◆ Extracted information ◆
※

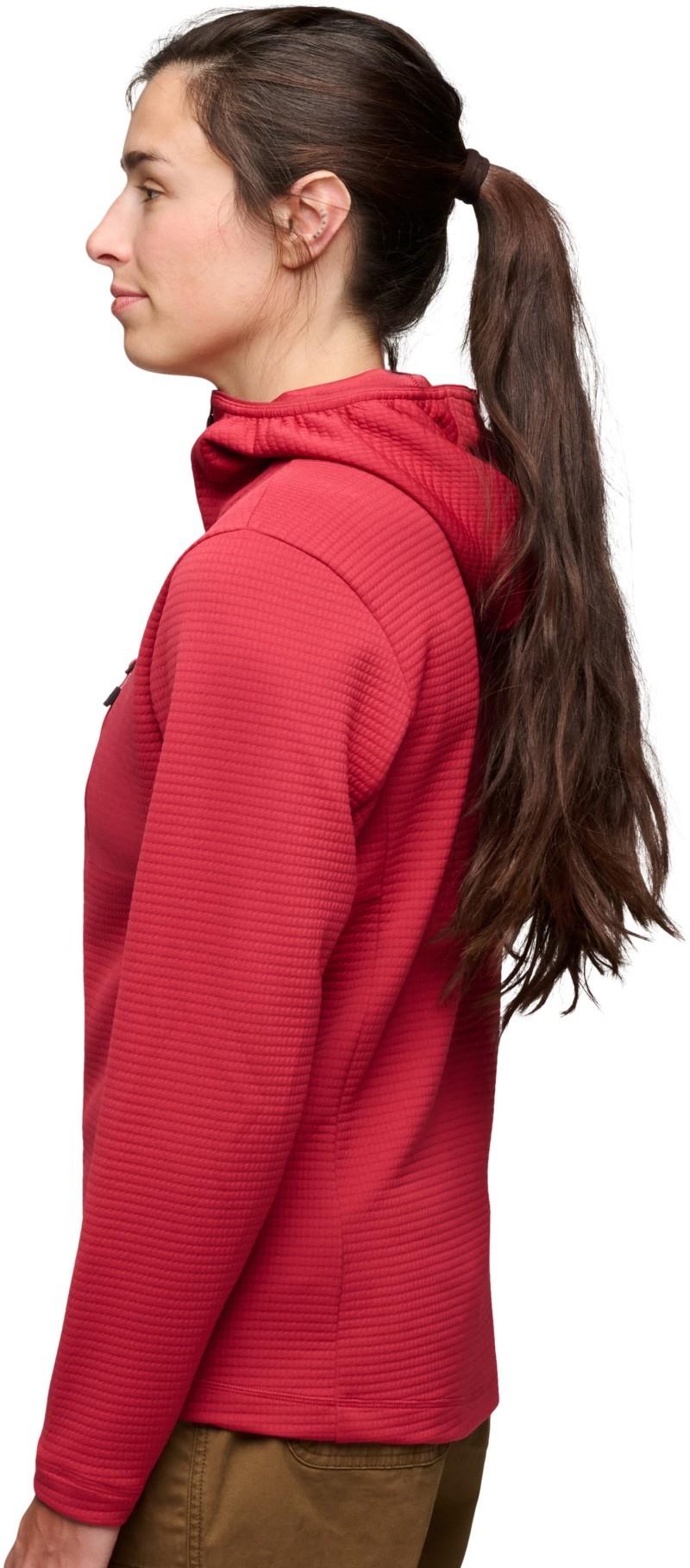 Diverge Full Zip Hoody - Womens - mineral red 1
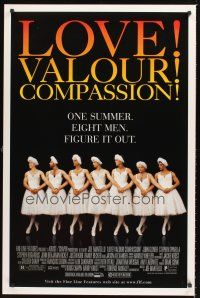 2z457 LOVE! VALOUR! COMPASSION! DS 1sh '97 great image of Jason Alexander & other men as ballerinas!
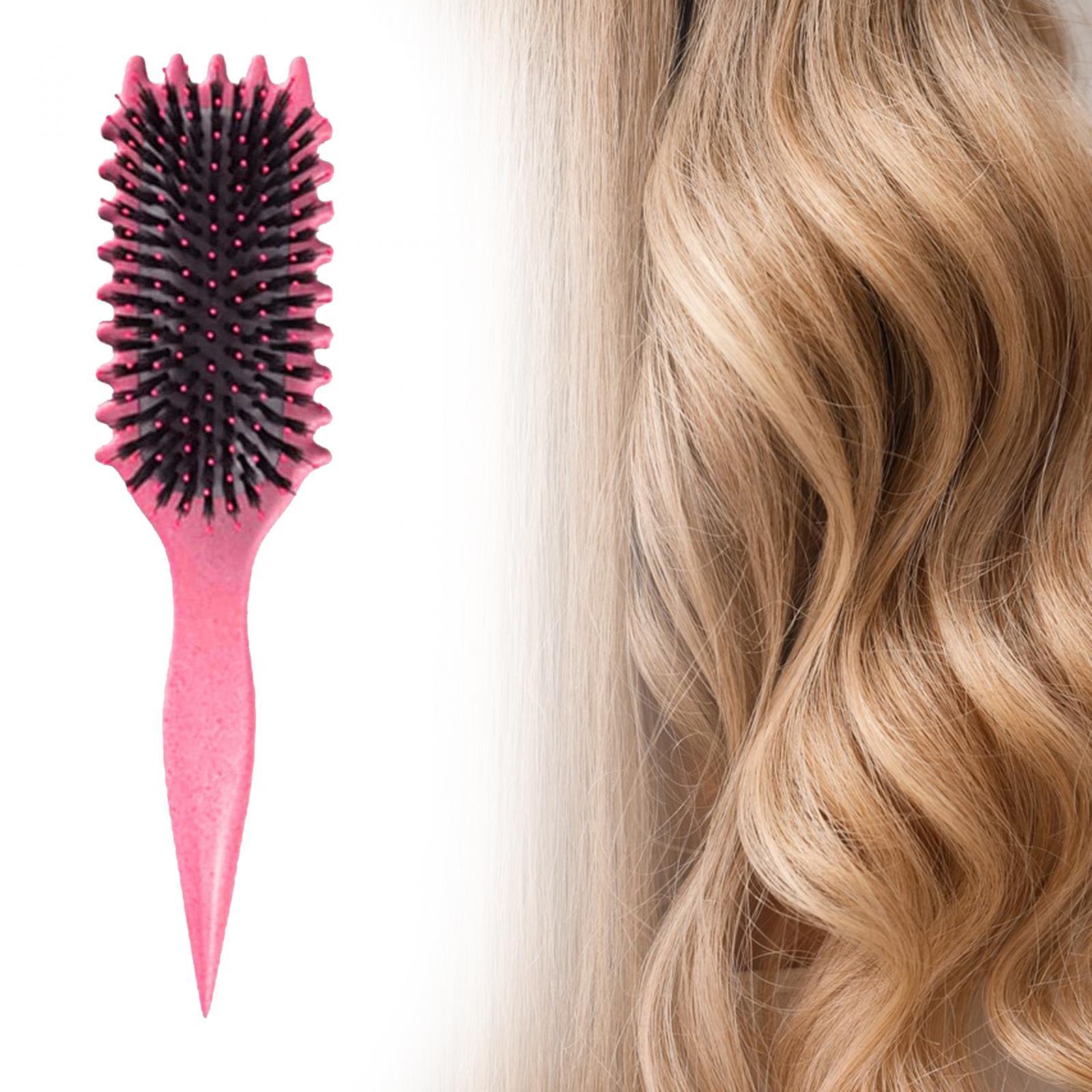 Styling Brush Hair Styling Brush Combs for Women and Men Tight Textured Hair Rose Red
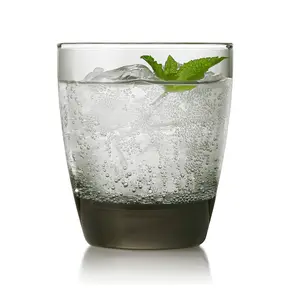 Libbey Classic Smoke Rocks Glasses Set, Classic Glassware Drinking Glasses Set of 12, Elegant, Dishwasher Safe Glasses for Cocktail Parties And More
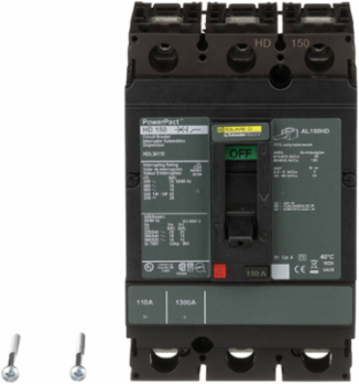 PowerPact H Circuit Breaker 110A 3 Pole 600VAC 14kA Thermal-Magnetic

※

◆ About this exercise ◆
Print out the entries above word for word from the first line to the line containing "Libbey Classic Smoke", both included, omitting the pictures.

◆ Result below ◆
 Diverge Full Zip Hoody - Womens - mineral red 1
 2z457 LOVE! VALOUR! COMPASSION! DS 1sh '97 great image of Jason Alexander & other men as ballerinas!
 Styling Brush Hair Styling Brush Combs for Women and Men Tight Textured Hair Rose Red
 Libbey Classic Smoke Rocks Glasses Set, Classic Glassware Drinking Glasses Set of 12, Elegant, Dishwasher Safe Glasses for Cocktail Parties And More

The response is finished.